CFA with latent and manifest variables

Jsabel Hodel

unread,

Mar 9, 2018, 2:01:19 AM3/9/18

to lav...@googlegroups.com

Dear lavaan group

I would like to ask three rather general and technical questions, as I am at the very beginning of a project where I would like to use SEM.

1.

The situation is the following: I would like to build a structural equation model out of several latent variables (the corresponding manifest variables are all categorical) and also one single manifest variable standing for its own (measured on an interval scale).

In a first step I would like to do a CFA to see if my measurement model fits the data.

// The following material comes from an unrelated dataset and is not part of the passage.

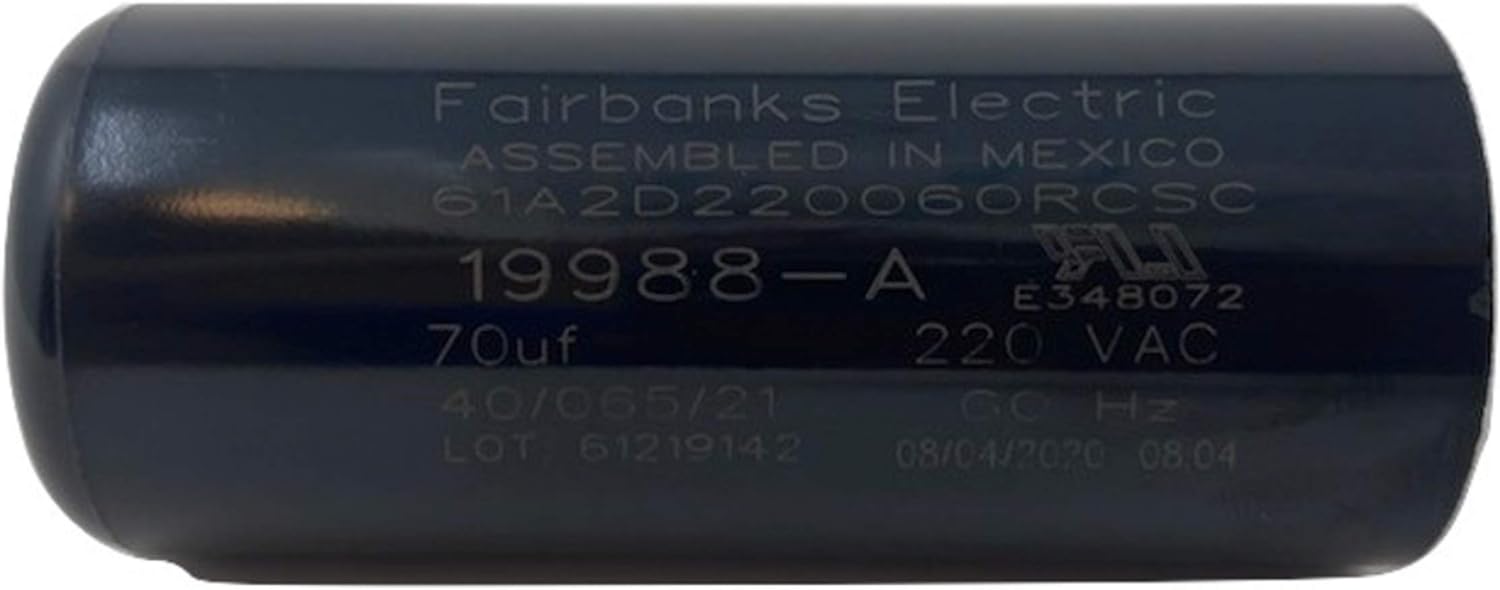 Fairbanks Electric Genie 19988A OEM Garage Door Opener Capacitor Replacement,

See the picture in the attachment to get an idea of the CFA. But the problem is, I don’t know how to deal with the single manifest variable, called M17 in the attachement. Since I would like this variable to be part of my SEM model, I guess I have to include it also in the CFA, but how to do this in lavaan?

This is my guess how to do the CFA:

cfa <- "F1 =~ M1 + M2 + M3 + M4

F2 =~ M5 + M6 + M7 + M8

F3 =~ M9 + M10 + M11 + M12

F4 =~ M13 + M14 + M15 + M16

F5 =~ F1 + F2 + F3 + F4

M17 =~ M17"

cfa_fit <- cfa(cfa, estimator = "WLSMV", data = data)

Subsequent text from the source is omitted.